# TASK GOAL:
Your task is to return, word for word, only the lines from the line with "Yellow Sabo Unisex" through the close of the data. Exclude all pictures.

# TASK DATA:
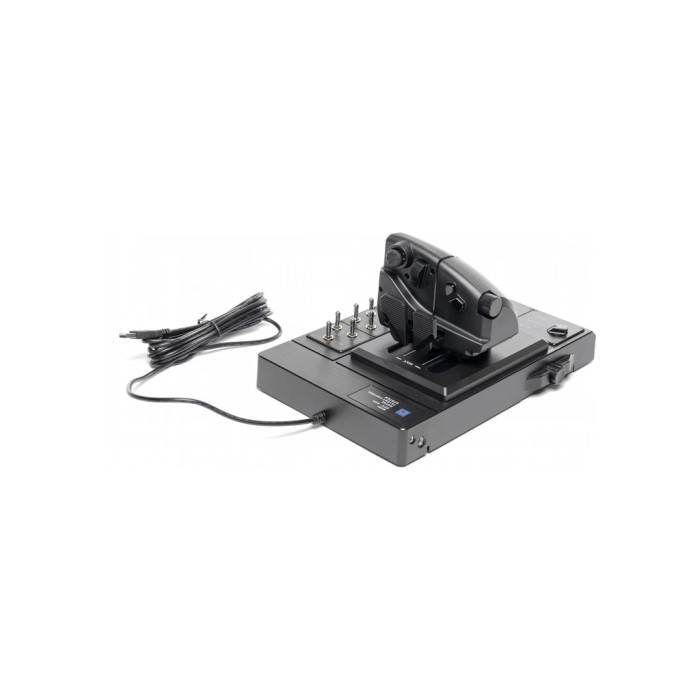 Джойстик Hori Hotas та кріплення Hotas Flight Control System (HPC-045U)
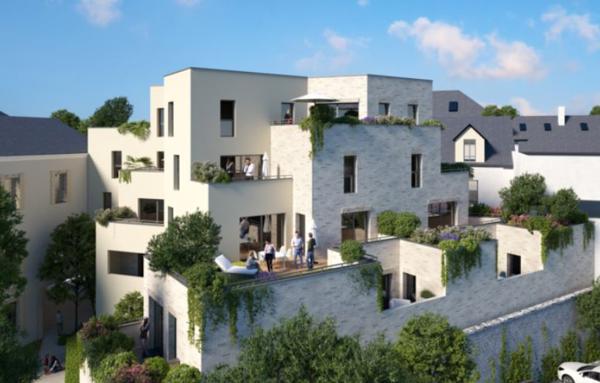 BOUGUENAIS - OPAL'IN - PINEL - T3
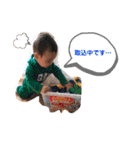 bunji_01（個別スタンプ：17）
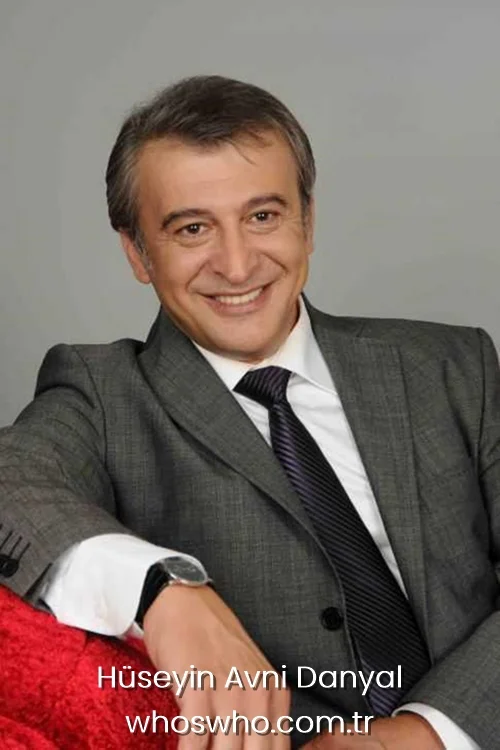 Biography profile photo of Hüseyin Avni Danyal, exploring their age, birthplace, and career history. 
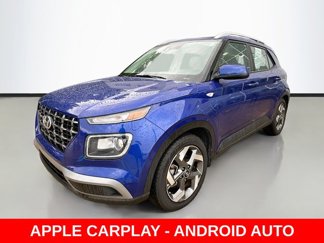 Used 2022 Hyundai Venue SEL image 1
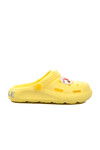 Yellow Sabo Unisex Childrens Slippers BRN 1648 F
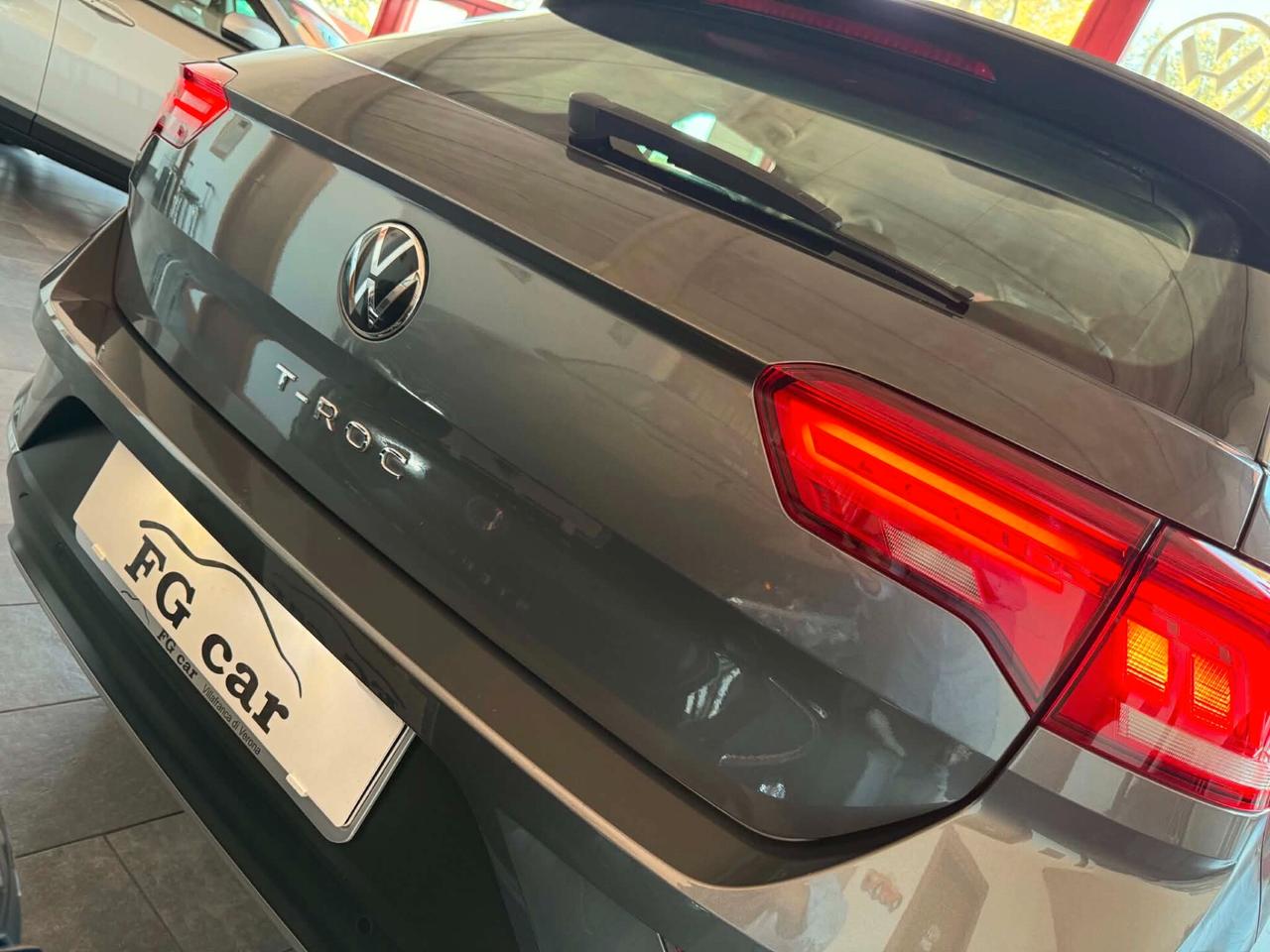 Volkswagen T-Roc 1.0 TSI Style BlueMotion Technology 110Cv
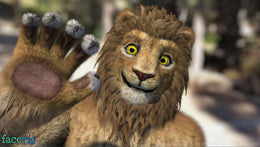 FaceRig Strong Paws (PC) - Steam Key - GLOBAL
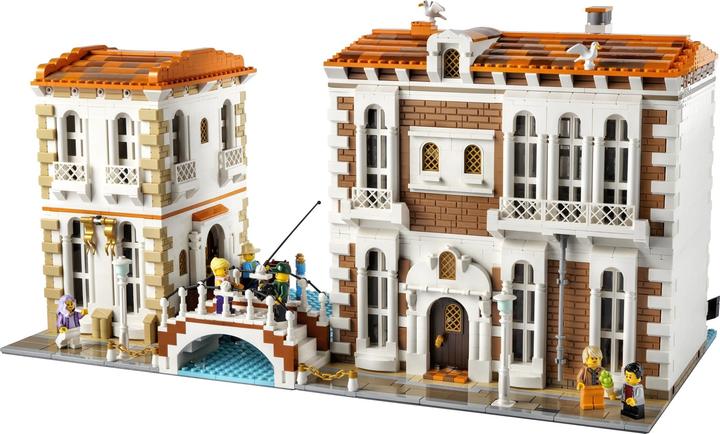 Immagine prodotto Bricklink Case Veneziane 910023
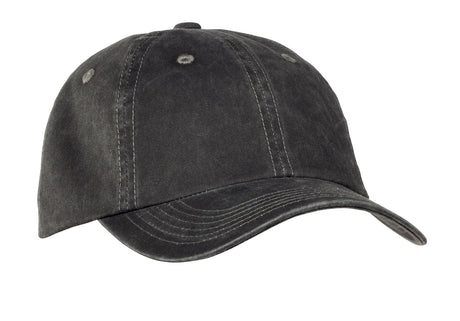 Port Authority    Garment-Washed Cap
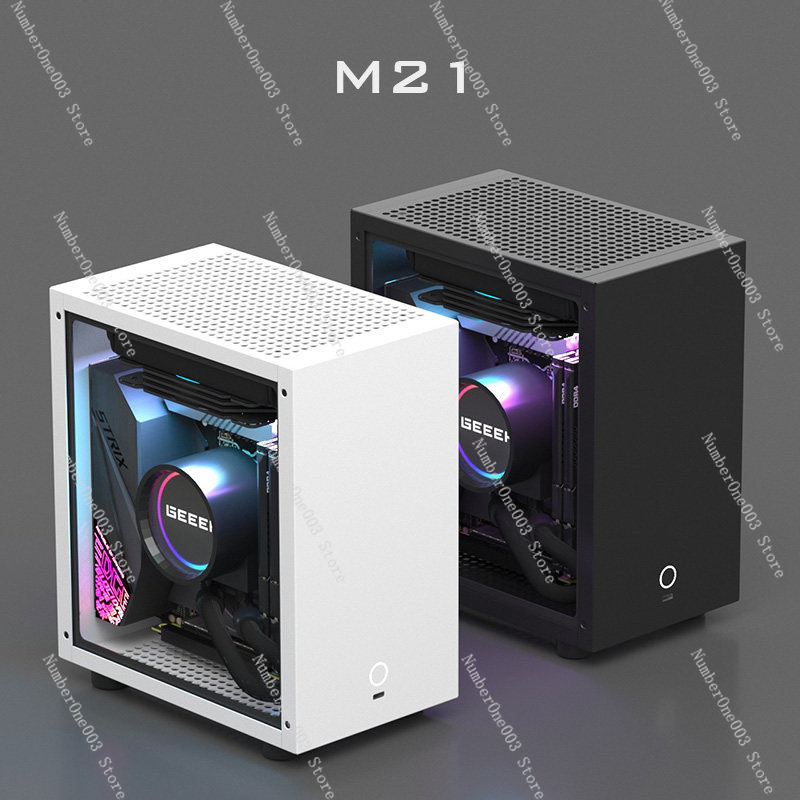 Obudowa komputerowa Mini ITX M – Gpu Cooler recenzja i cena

# YOUR RESPONSE:
 Yellow Sabo Unisex Childrens Slippers BRN 1648 F
 Volkswagen T-Roc 1.0 TSI Style BlueMotion Technology 110Cv
 FaceRig Strong Paws (PC) - Steam Key - GLOBAL
 Immagine prodotto Bricklink Case Veneziane 910023
 Port Authority    Garment-Washed Cap
 Obudowa komputerowa Mini ITX M – Gpu Cooler recenzja i cena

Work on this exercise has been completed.